Deploy Your Custom Pre-Trained Model Using AWS Sagemaker

6 min readJul 28, 2024

AWS SageMaker makes deploying custom machine learning models simple and efficient. This article helps you to get your model up and running with ease using AWS services such as AWS Sagemaker, AWS ECR, AWS S3 and Docker.

Why AWS Sagemaker?

AWS SageMaker provides a robust environment to deploy machine learning models, supporting various use cases and offering managed infrastructure and tools. Key benefits include:

Simplified model training and deployment process
Managed infrastructure
Scalability and flexibility
Integration with other AWS services

Now Lets get started without wasting more time on the theoritical aspects of Sagemaker.

Pre-Requisites

An AWS Account

2. AWS CLI configured

3. Docker installed

4. Python environment with necessary libraries.

5. SageMaker IAM Policies

AmazonS3FullAccess
CloudWatchFullAccess
ECRFullAccessPolicy

You can tailor the policies as per your need, without granting full access to each service.

Steps to Deploy your Custom ML Model

1. Train and Save the Model

Since you want to deploy your custom AWS Model, you should have your Machine Learning model saved as pickle or a joblib file or any format o your preference which we load later with ease.

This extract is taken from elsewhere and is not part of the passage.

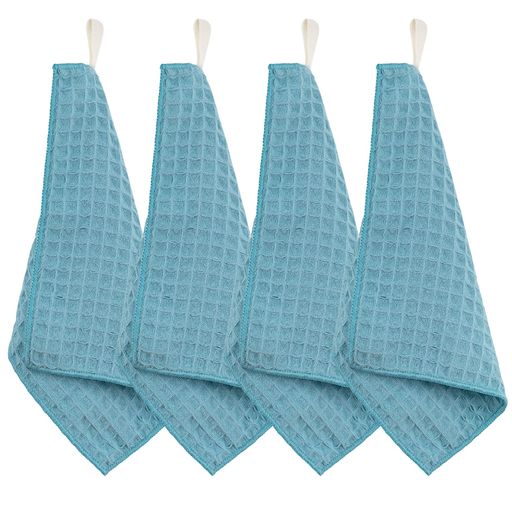 【キッチンタオルの仕様】重さ:約30g(1枚あたり)/ 材質: マイクロファイバー/ セット:4枚セット。厚手ながら30gと軽量で、ふわふわで柔らかい手触りが魅力。 【吸水 厚手】このふきんの吸水性は抜群!独特のワッフルデザインで、 マイクロファイバーを採用し、食器の水分をサッと吸い込まれて、厚手で保水性も優れて漏れたこともないキッチンタオルです。また、交差織り技術のおかげで、通風性が良い室内で干すと翌朝に素早く乾く。台拭き或いは食器拭きとしては最適なキッチンクロスです。 【耐久、安心】ふきん全面コットンのワッフル素材と無蛍光剤で安全性が備わっているので、長く使うことができます。 何回洗濯しても変形はしない、毛も抜けない上品なタオルです。キッチン食器拭き用や部屋掃除などとしても適しています。 【食器拭き 台拭き】調理台、レンジやテーブルなどの油汚れ取りの台拭きや木製食器の水拭きに非常に役に立てる。しかも、レストラン、コンビニ、屋台、飲食店のような食事を作るところや、事務室、図書館、博物館、病院などの毎日お掃除が必要な場所にとしても不可欠なふきん。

2. Upload Model and its artifacts to AWS S3

Assuming you have aws configured in your CLI, if not please configure it using the command aws configure. Then you can compress your model artifacts an upload it directly with the AWS console or use the following python code.

import boto3
import os
import subprocess

# Define your file paths
tar_file_path = 'path/to/your/compressed_model.tar.gz'
pickle_file_path = 'path/to/your/model.pkl'
s3_bucket = 'your-s3-bucket-name'
s3_bucket_path = f's3://{s3_bucket}'

# Step 1: Delete the existing tar file if it exists
if os.path.exists(tar_file_path):
    os.remove(tar_file_path)
    print(f'Deleted existing file: {tar_file_path}')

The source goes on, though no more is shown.